Directions:
Your reply must hold the lines from the one containing "Women's Spring And" to the end of the entries, copied exactly, with pictures excluded.
::::::
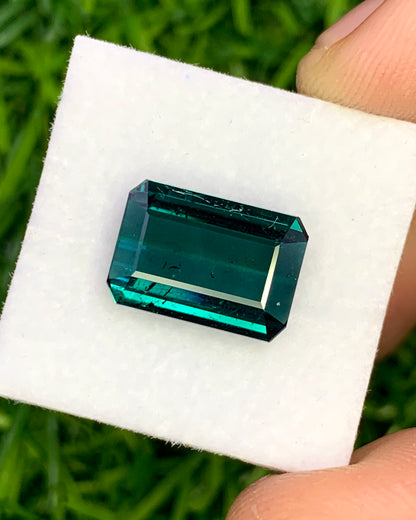 Natural Indicolite Tourmaline 4.82 Carat 12.5x8.7 MM Octagon Shape Faceted Gemstone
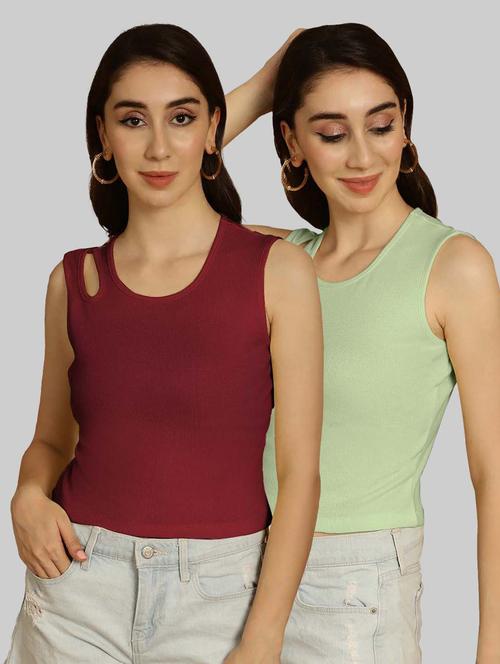 pack of 2 multi colored sleeveless crop top - 20764389 - Very Small Image - 1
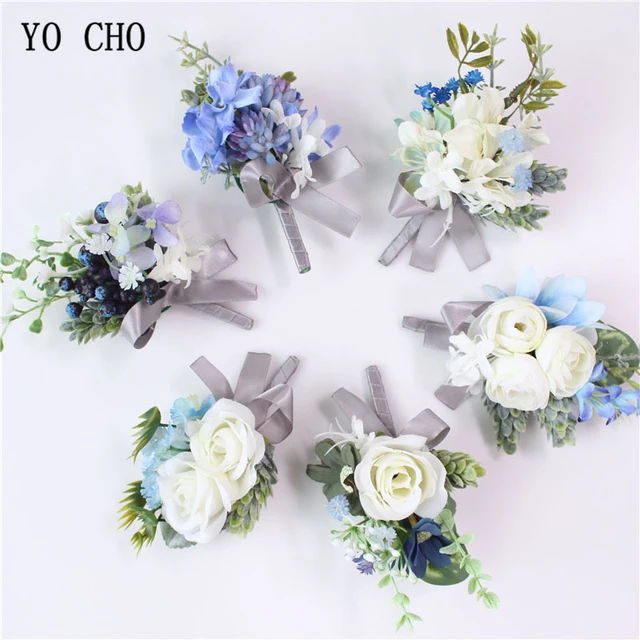 Yo Cho Boutonniere Wedding Buttonhole White Pink Corsage Pins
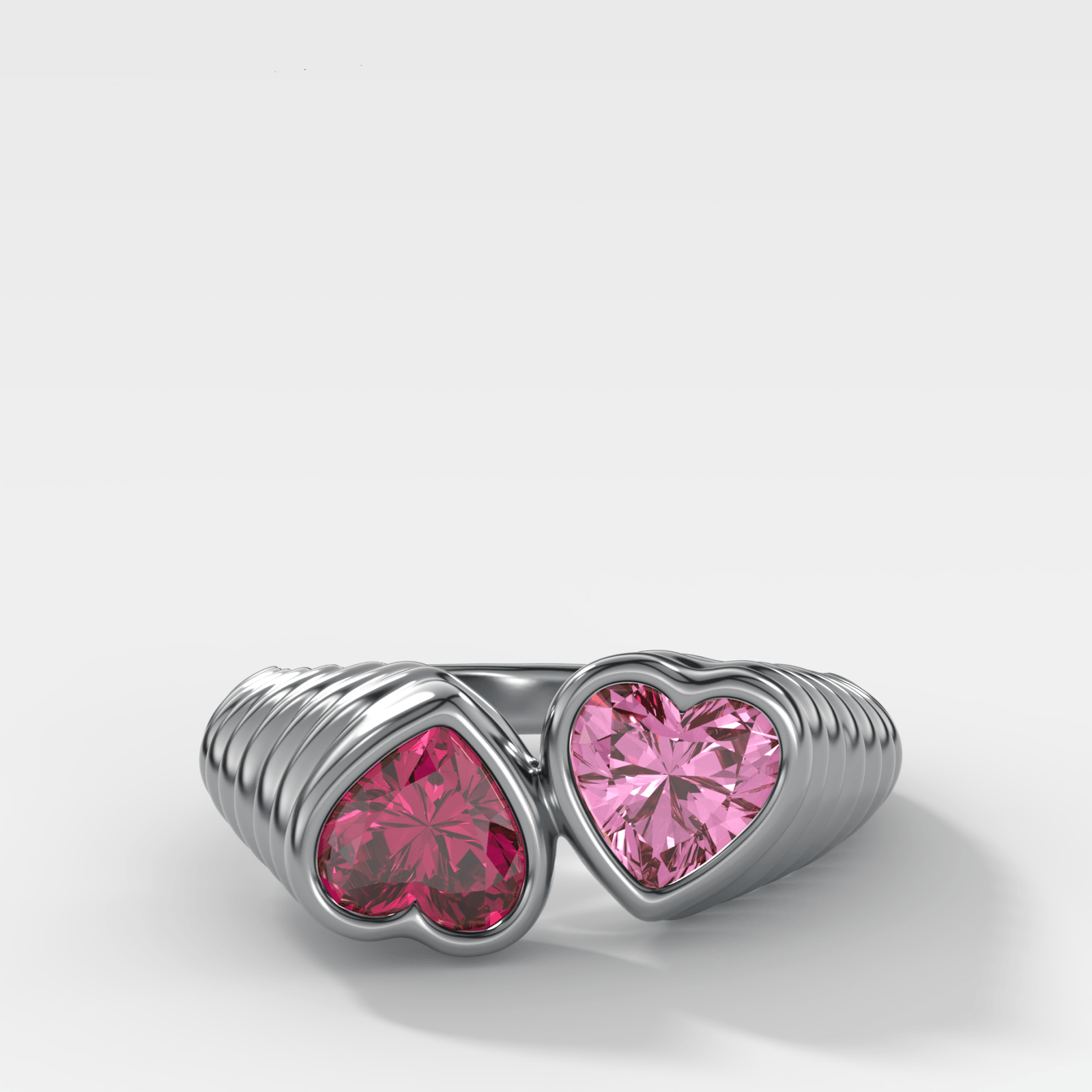 Reverse Bezel Heart Ring with Red Ruby and Pink Sapphire - GOODSTONE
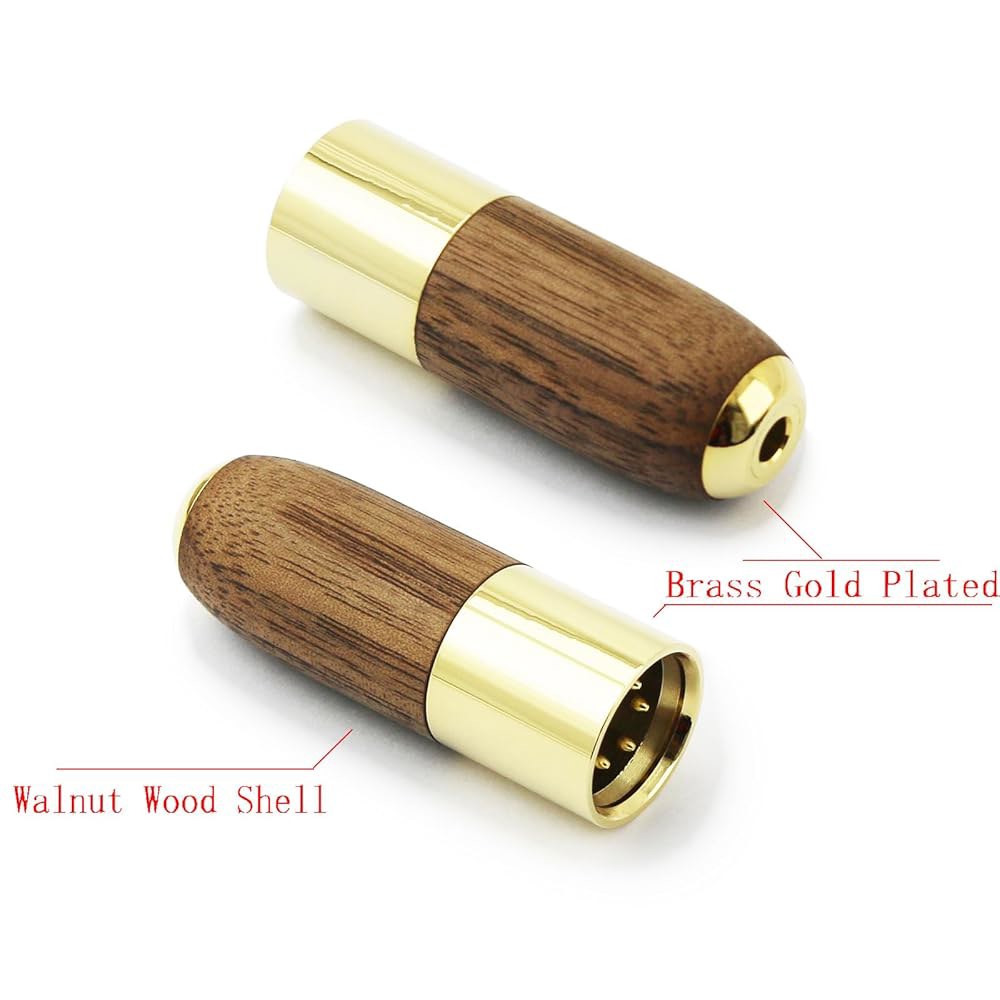 NewFantasia 4핀 XLR 밸런스 수 4.4mm 쉘 도금 우드 - 오디오 금 헤드폰 커넥터 황동 월넛 암 어댑터 - 상세 이미지 3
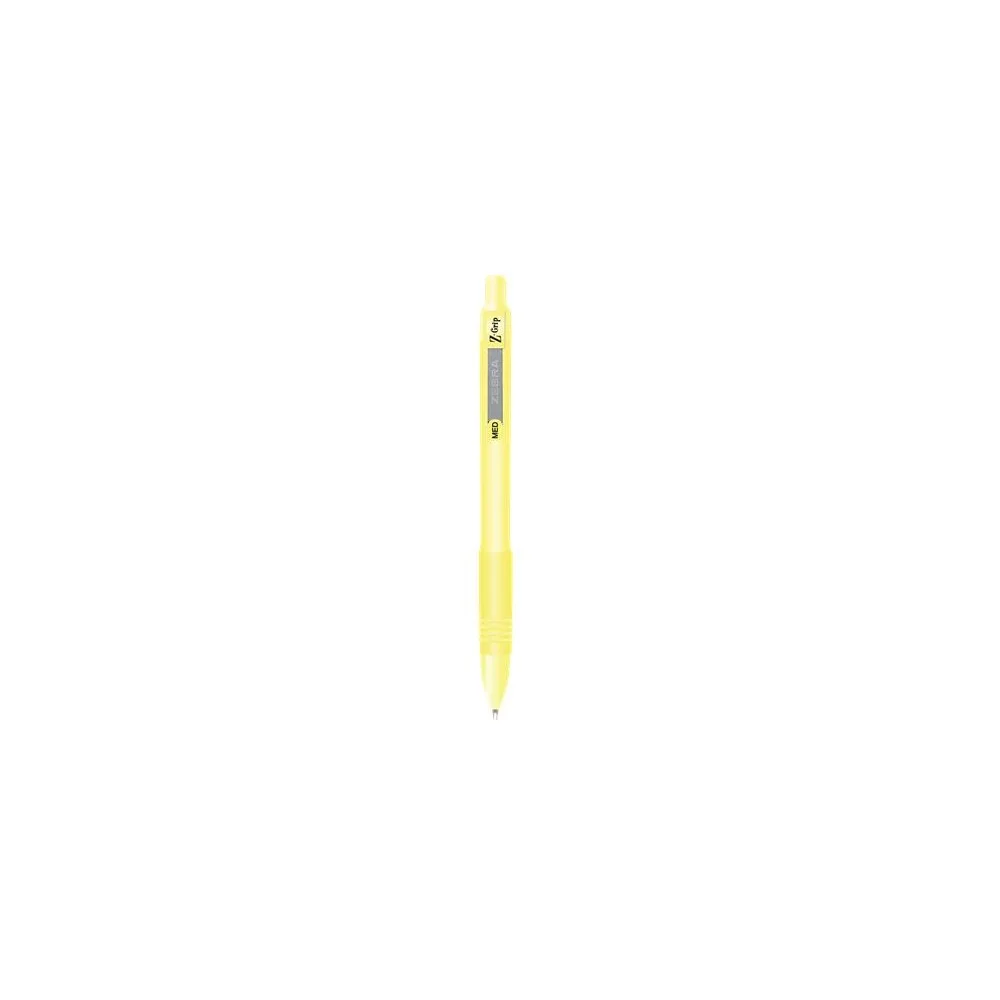 Golyóstoll 1 mm, sárga tolltest, Zebra Z-Grip Pastel, írásszín kék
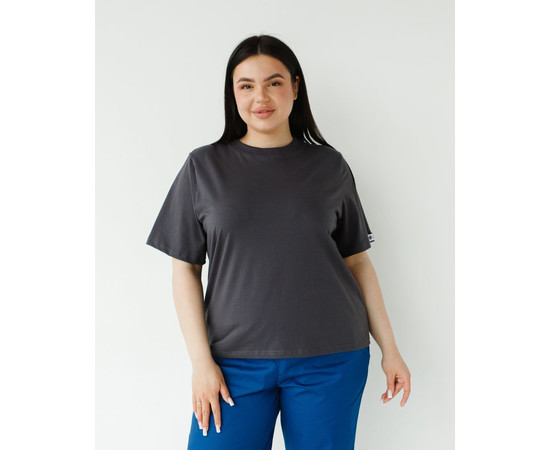 Изображение 2 Медицинская базовая футболка женская графит р. 2XL, "БЕЛЫЙ ХАЛАТ" 498-503-924, Размер: 2XL, Цвет: графит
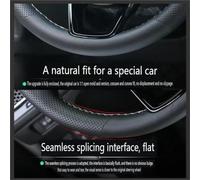 Car Steering Wheel Cover Accessories For Toyota For RAV4 2013-2019 For Corolla 2013-2017 Soft Leather(Red thread)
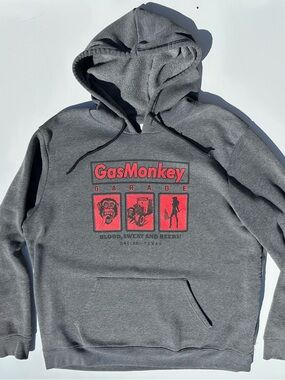 Gas Monkey Garage Men's Gray Hoodie with Red Logo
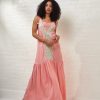 Women Batiche Dresses | Pink Embroidered Maxi Dress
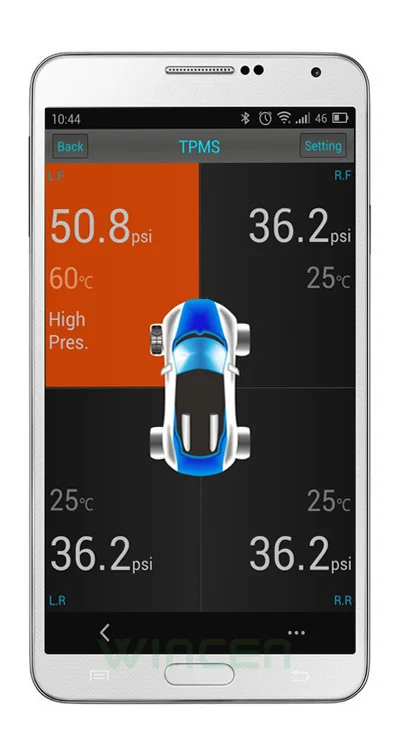 Android Bluetooth Беспроводная система контроля давления в шинах TPMS внутренние датчики Поддержка высокого низкого давления Температурная сигнализация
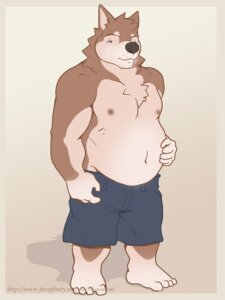 Rating: Questionable Score: 0 Tags: anthro belly bottomwear canid canine canis clothed clothing domestic_dog e621 looking_at_viewer male mammal overweight overweight_anthro overweight_male shorts solo source_request tacodebeef tacoderes theuseless topless User: bunchy7s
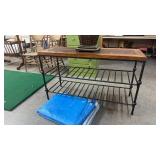 WOOD & IRON SOFA TABLE W/ LEATHER TOP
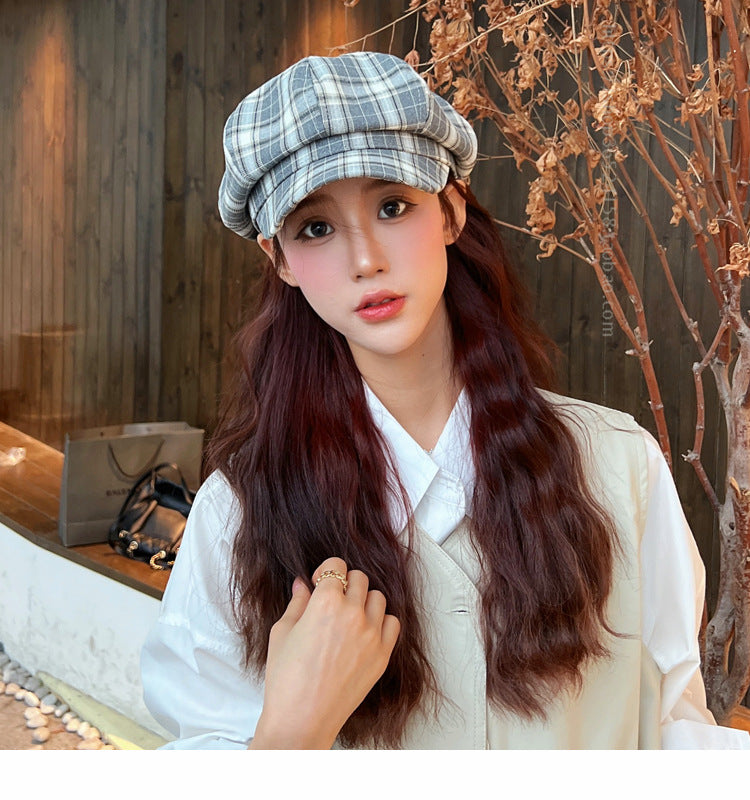 Women's Spring And Summer Fashion Plaid Octagonal Hat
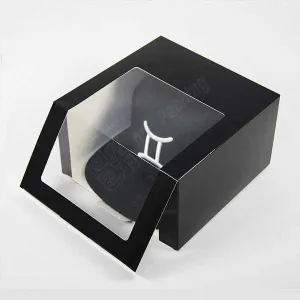 صناديق تغليف بتصميم قبعة من الورق صندوق بغطاء هيب هوب بنافذة شفافة Paper Hat Design Packaging Boxes Hip Hop Lid Box with Clear Window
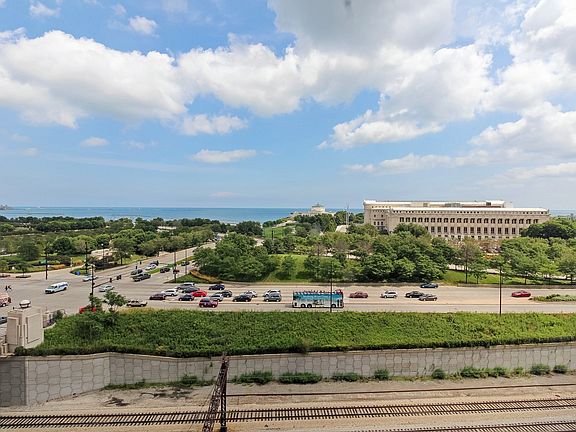 Direct East view of the Lake, park, Museums.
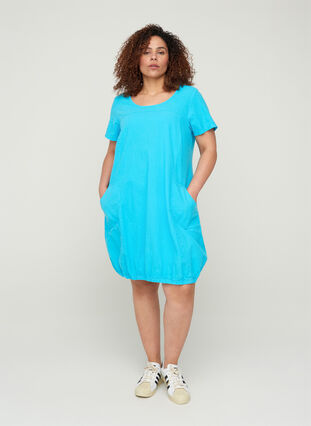 Short sleeve cotton dress, River Blue, Model image number 2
::::::
Solution for this task:
 Women's Spring And Summer Fashion Plaid Octagonal Hat
 صناديق تغليف بتصميم قبعة من الورق صندوق بغطاء هيب هوب بنافذة شفافة Paper Hat Design Packaging Boxes Hip Hop Lid Box with Clear Window
 Direct East view of the Lake, park, Museums.
 Short sleeve cotton dress, River Blue, Model image number 2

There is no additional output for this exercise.